BEGIN RECORDS FOR THIS EXERCISE

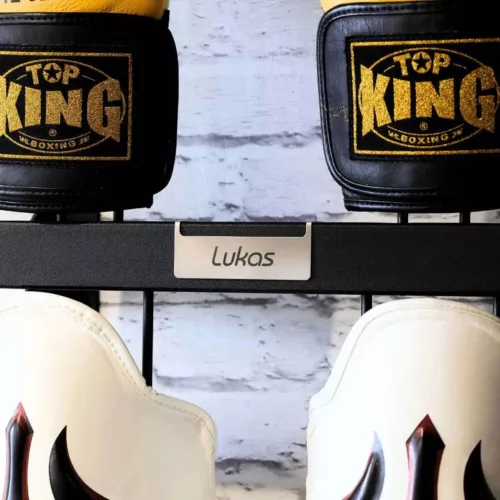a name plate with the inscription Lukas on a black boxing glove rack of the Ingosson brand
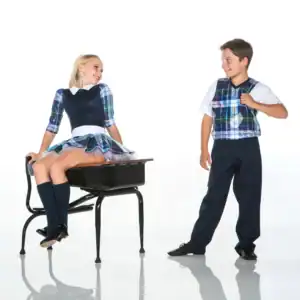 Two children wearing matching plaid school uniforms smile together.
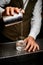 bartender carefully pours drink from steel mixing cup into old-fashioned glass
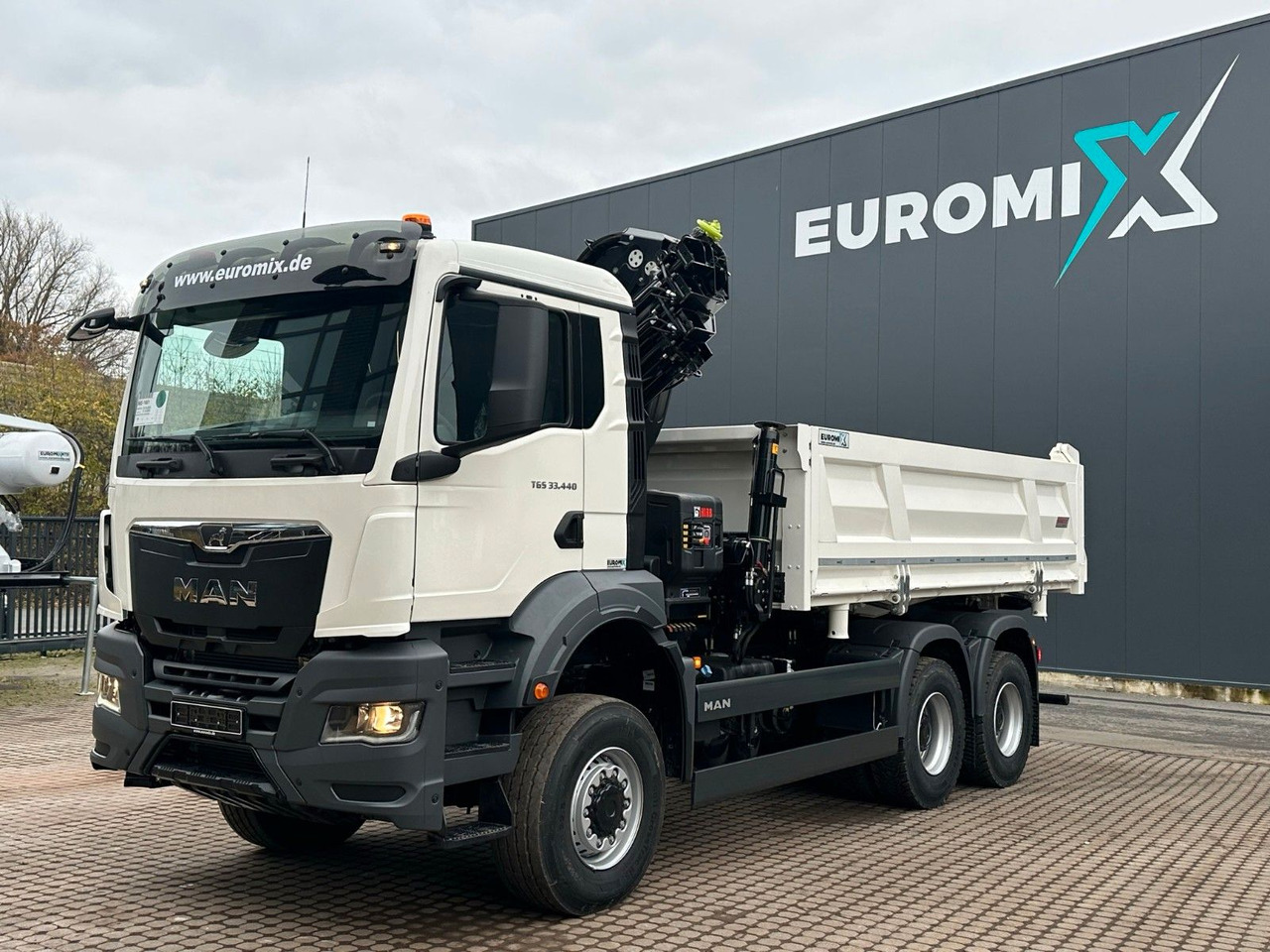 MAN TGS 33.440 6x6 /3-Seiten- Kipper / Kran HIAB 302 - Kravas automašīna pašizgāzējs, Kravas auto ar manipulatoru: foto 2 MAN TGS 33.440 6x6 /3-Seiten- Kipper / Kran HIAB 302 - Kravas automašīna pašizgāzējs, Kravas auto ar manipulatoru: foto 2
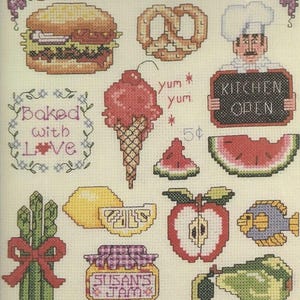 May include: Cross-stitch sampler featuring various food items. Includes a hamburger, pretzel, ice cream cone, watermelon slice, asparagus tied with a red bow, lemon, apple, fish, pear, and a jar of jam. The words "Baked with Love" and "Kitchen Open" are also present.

END RECORDS FOR THIS EXERCISE

## TASK TO COMPLETE:
Leave out all pictures, then copy the remaining material exactly.

## RESPONSE:
a name plate with the inscription Lukas on a black boxing glove rack of the Ingosson brand
 Two children wearing matching plaid school uniforms smile together.
 bartender carefully pours drink from steel mixing cup into old-fashioned glass
 MAN TGS 33.440 6x6 /3-Seiten- Kipper / Kran HIAB 302 - Kravas automašīna pašizgāzējs, Kravas auto ar manipulatoru: foto 2 MAN TGS 33.440 6x6 /3-Seiten- Kipper / Kran HIAB 302 - Kravas automašīna pašizgāzējs, Kravas auto ar manipulatoru: foto 2
 May include: Cross-stitch sampler featuring various food items. Includes a hamburger, pretzel, ice cream cone, watermelon slice, asparagus tied with a red bow, lemon, apple, fish, pear, and a jar of jam. The words "Baked with Love" and "Kitchen Open" are also present.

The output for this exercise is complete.